Faşist şeflik rejimi, Rojava’da kadın devriminin kazanımlarının gasp edilmesinin yollarını arıyor, Bakur’da kadınlara yönelik özel savaş politikalarını sürdürüyor.
Cins çelişkisi ve çatışmasının en ezilen tarafı LGBTİ+ hareketi ve tek tek LGBTİ+’leri daha büyük bir inkar ve baskı cenderesi altında ezmek, toplumdan silmek istiyor.
Fakat kadın özgürlük mücadelesi, bütün baskı ve saldırılar karşısında geri adım atmıyor.

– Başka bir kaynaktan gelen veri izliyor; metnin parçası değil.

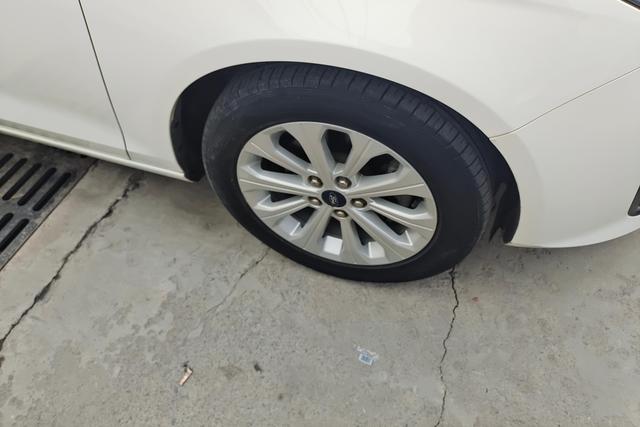 Ford Escort 2017 #6 Ford Escort 2017 immagine di auto #6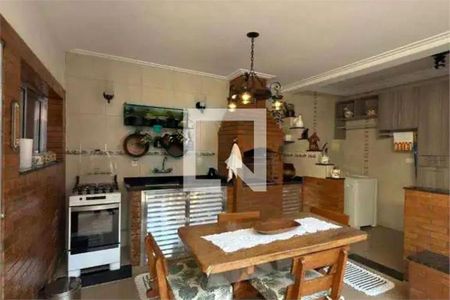 Casa à venda com 3 quartos, 150m² em Vila Ema, São Paulo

Gülistan, Ayşe, Pınar, Şule ve nice kadın gibi ismi duyulmamış, cansız bedeni unutulmuş, akıbeti bilinmemiş, hesabı sorulmamış bir “şüpheli ölüm” vakasına çevirmek istedikleri Rojin Kabaiş’in yüzü, kadınların örgütlü mücadelesi sayesinde mücadele bayrağına dönüştü. Dilovası’nda katledilen işçi kadınlar, kadınların yaşamın her alanında özneleşme ve mücadele etme azmini güçlendirdi.
Erkek egemen faşist şeflik rejimine, erkeklerin baskı ve şiddetine, sermayenin çifte sömürüsüne, heteroseksist saldırganlığa boyun eğmeyeceğiz. 25 Kasım’da ve yılın her gününde, erkek şiddetine, erkek egemenliğine, faşizme, kapitalizme karşı sınıfsız, sınırsız ve cins ayrımsız bir toplum için mücadelemizi sürdüreceğiz. Erkek şiddetinin münferit, tesadüfi ve tekil olmadığı bilinciyle, erkek ve devlet şiddetine karşı mücadeleyi, erkek egemen burjuva devletlerin işgalci sömürgeci saldırılarına, ırkçılığına, sömürü ve baskılarına karşı da isyan bayrağını yükselterek, bütün cinsel, ulusal ve sınıfsal kurtuluş savaşımlarının, eşitlik, özgürlük, adalet mücadelelerinin öznesi olarak sürdüreceğiz.
25 Kasım’da, Rojin Kabaiş ve Dilovası’nda can veren 6 kadın işçi başta olmak üzere, erkek egemen faşist şeflik rejiminin kadınlara karşı işlediği tüm suçların, tüm cinayet ve katliamların, cezasızlık politikalarının, katilleri aklama ve kurtarma çabalarının hesabını sormak üzere, sokakta, eylemde, mücadelede buluşacağız.
Erkek Egemen Kapitalizme Karşı Kadın İsyanını Büyüteceğiz!
Erkek Şiddetine Karşı Örgütlü Özsavunmayı Yükselteceğiz!
Faşist Şeflik Rejiminin Kadına Karşı Suçlarının Hesabını Soracağız!
Yaşasın Kadın Devrimi! Yaşasın Sosyalizm!